▶ _Work to be completed_: Please output the data exactly, minus pictures.

Captioned web images
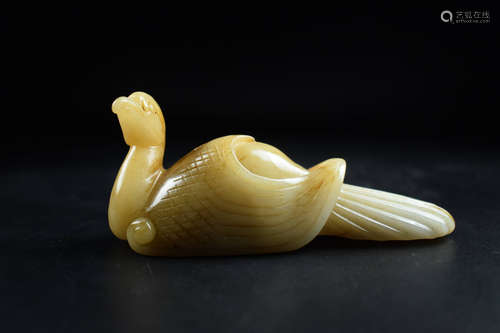 JADE CARVED 'BIRD' FIGURE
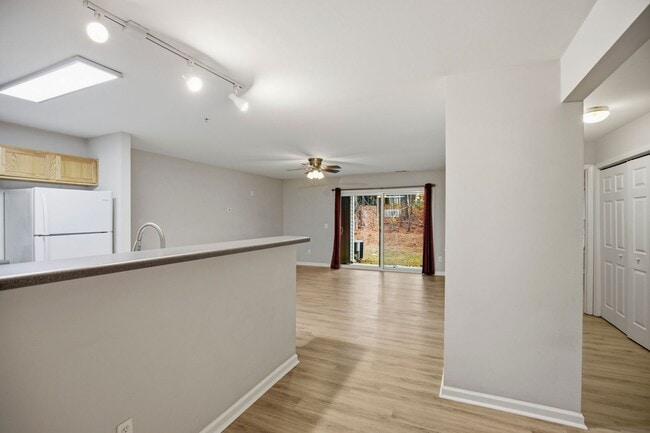 Building Photo - 3 Bedroom 2 Bath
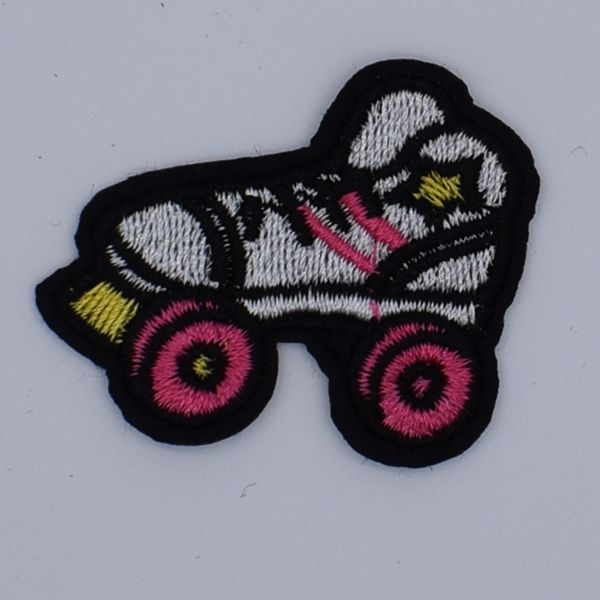 Autocollants 2 Petites Pièces Patins À Roulettes Fer Sur Patch Applique Patinage Motif Tissu Enfants Décalque 1,8 X 1,5 Pouces (4,5 3,8 Cm)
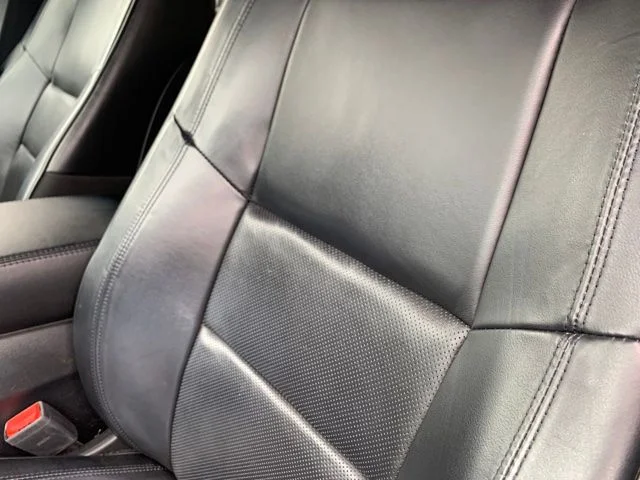Used 2019 Silver Jeep Overland image 12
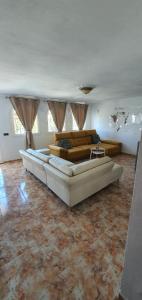 Posedenie v ubytovaní Villa Don Giovanni Fuengirola, Piscina Privada y vistas al mar y a la Montaña
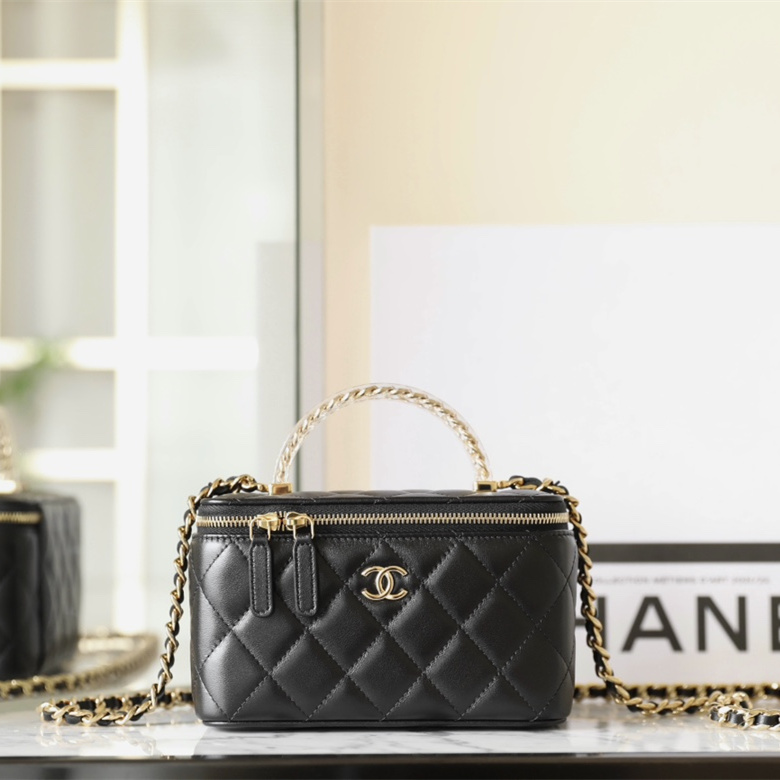 Chanel 香奈兒 Leather Goods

▶ _Written answer_:
 JADE CARVED 'BIRD' FIGURE
 Building Photo - 3 Bedroom 2 Bath
 Autocollants 2 Petites Pièces Patins À Roulettes Fer Sur Patch Applique Patinage Motif Tissu Enfants Décalque 1,8 X 1,5 Pouces (4,5 3,8 Cm)
Used 2019 Silver Jeep Overland image 12
 Posedenie v ubytovaní Villa Don Giovanni Fuengirola, Piscina Privada y vistas al mar y a la Montaña
 Chanel 香奈兒 Leather Goods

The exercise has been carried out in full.